4G Enterprises, Inc.
800 Town and Country Blvd., Ste. 300
Houston, Texas 77024
(832) 431-3123
November 1, 2012
Ms. Mara L. Ransom
Securities and Exchange Commission
Washington, D.C. 20549
Dear Ms. Ransom:
Thank you for your comments of October 19, 2012 related to the S-1 registration statement of 4G Enterprises, Inc. We have reviewed your comments and made revisions and provided responses to each of those comments.

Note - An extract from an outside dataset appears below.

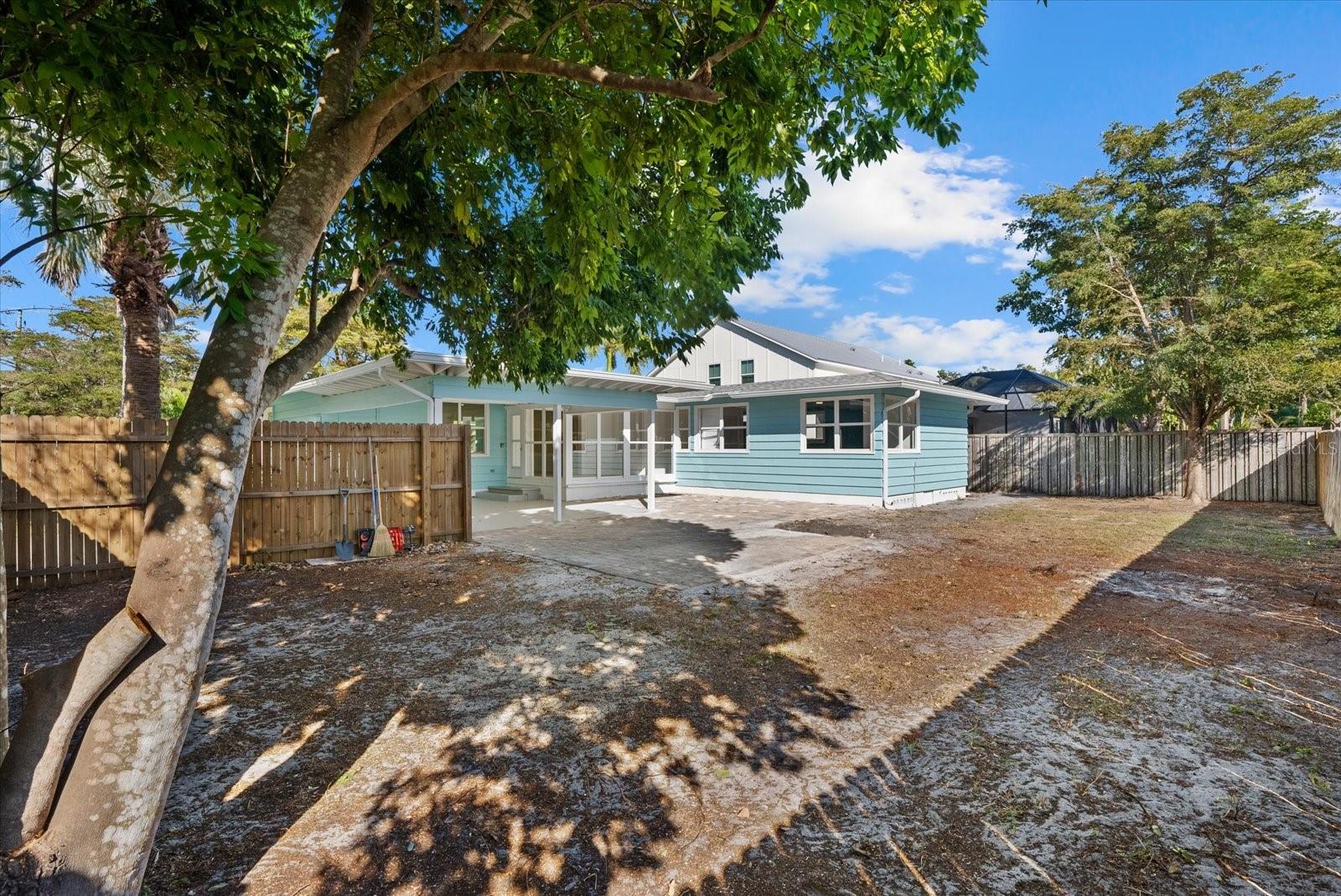 Image 35 of 48 For 2104 Datura Street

We have tried to respond to each of your comments and requests for information. It is the Company’s desire to resolve each comment in a manner that is acceptable to the staff.
Comments and Responses:
Prospectus Cover Page
| 1. | We note your response to comment 8 in our letter dated September 25, 2012 and the related revisions in your filing that “[w]e estimate our offering costs at $11,008.60 which would leave us with proceeds of $63,991.40.” We also note your response to comment 12 that you have already paid fees related to this offering. Please thoroughly revise your filing, such as in the tables on the prospectus cover page, Use of Proceeds section and Management’s Discussion and Analysis section, to account for your offering costs. Specifically, please revise these tables to reflect that the net proceeds will be $63,991.40 and not $75,000. Please see Item 501(b)(3) of Regulation S-K. |
Answer: Revised as requested.
Risk Factors, page 7
| 2. | We note your response to comment 10 in our letter dated September 25, 2012 and the related revisions in your filing. Please revise to delete the following “The risks and uncertainties described below are not the only ones we face. Additional risks and uncertainties that we are unaware of, or that we currently believe are not material, may also become important factors that adversely affect our business.” |
Answer: Revised as requested.
| 3. | We note your response to comment 18 in our letter dated September 25, 2012. In an appropriate risk factor, please discuss the risks associated with your intellectual property, including the risk that you will not complete the design work on your system by the first quarter of 2013 and will lose your provisional patent. |
Answer: Revised as requested.
Business, page 16
| 4. | We note your response to comment 4 in our letter dated September 25, 2012 and the related revisions in your filing. Please revise the following statements on page 18 to indicate that you might not complete and commercialize your product: “When our product is ready for the commercial market . . . “ and “This means that after we have built an operational prototype plant . .. .” |
Answer: Revised as requested.
Certain Relationships and Related Party Transactions, page 35
| 5. | We note your response to comment 26 in our letter dated September 25, 2012 and the related revisions to your filing. Please revise the first sentence of this section to clarify that your disclosure pertains to the last three fiscal years. Please see Instruction 1 to Item 404(d) of Regulation S-K. |
Answer: Revised as requested.
Index to Financial Statements, page 40
Balance Sheet, page F-2
| 6. | We reviewed your response to comment 27 in our letter dated September 25, 2012. We note the second sentence in the first paragraph on page 20, which states that the provisional patent is valid for one year. We also assume that any related permanent patent will have a legal term. In light of these legal terms, please tell us your consideration of depreciating this asset pursuant to ASC 350-30-35-3c. |
Answer: We agree with your comment that the patent will have a legal term. The term of the permanent patent will be 20 years. Because of anticipated advances in solar technology in the years ahead, the Company estimates a shorter useful life for the current technology of ten years. We have restated the financial statements to show amortization of the value of our intangible assets based upon a ten-year useful life. Our auditor has issued a new audit report based upon the restated financial statements and we have highlighted the implications of this restatement on our internal controls in the appropriate risk factor.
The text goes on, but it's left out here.